Running away (from assassins / evil secret service / the ghost of a little girl) this weekend? Take these books with you. And run faster.
Equal Danger, by Leonardo Sciascia
An attorney, a judge, and then another judge are all shot dead in an imaginary country. Random or conspiracy? Either way, it’s paranoia city in Sciascia’s metaphysical detective novel.
The Other, by Thomas Tryon
An evil twin story. A really, really creepy evil twin story. What more do you need to know?
Red Lights, by Georges Simenon
Steve and Nancy just want to pick their kids up from camp, but when Steve decides to get drunk and pick up an escapee from Sing Sing along the way, the couples’ plans are derailed. Those kids are just going to have to wait.
The Mad and the Bad, by Jean-Patrick Manchette
What do you get when you put an evil architect, an insane asylum discharge, a super bratty kid, and a hired gunman together?
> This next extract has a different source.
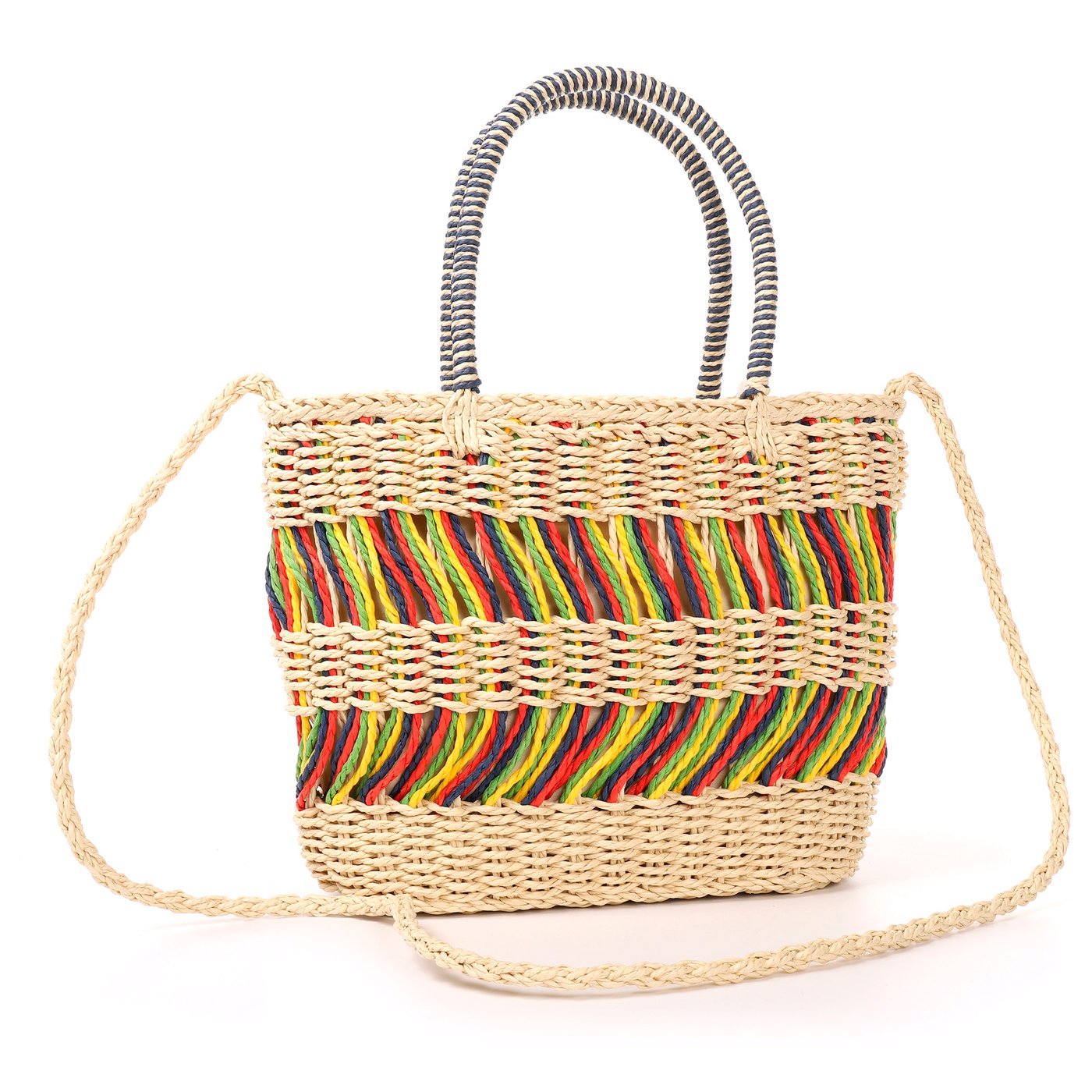 Differentiated and multicolored raffia basket GB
Chaos. Bloody chaos.
Rogue Male, by Geoffrey Household
A bored hunter decides to play out his own version of “The Most Dangerous Game,” with a vicious dictator as the target. Suffice it to say, the game turns on him and he’s chased o’er hill and vale by a hunter as good—or better—than him.
Fatale, by Jean-Patrick Manchette
Aimee’s secret to being a great killer?: be beautiful, be deceptive, and always exercise in the buff (no, that’s not a euphemism).
The Fox in the Attic, by Richard Hughes
A young Welshman, unjustly considered complicit in a murder, travels to Bavaria to stay at his relatives’ castle. There he discovers a Germany torn apart by its recent defeat in WWI, unrequited love, and an intimate look into a growing political party that threatens to change everyone’s future.
The Murderess, by Alexandros Papadiamantis
It’s no fun being a woman on the dirt-poor island of Skiathos, and no one knows that better than Papadiamantis’ grandma-turned-murderer, Hadoula.
Don’t Look Now, by Daphne du Maurier
Daphne du Maurier was a master of nightmares, and this collection is full of them: vacation-ruining ghosts, midnight trysts that devolve into homicides, and the killer birds that Hitchcock loved so much.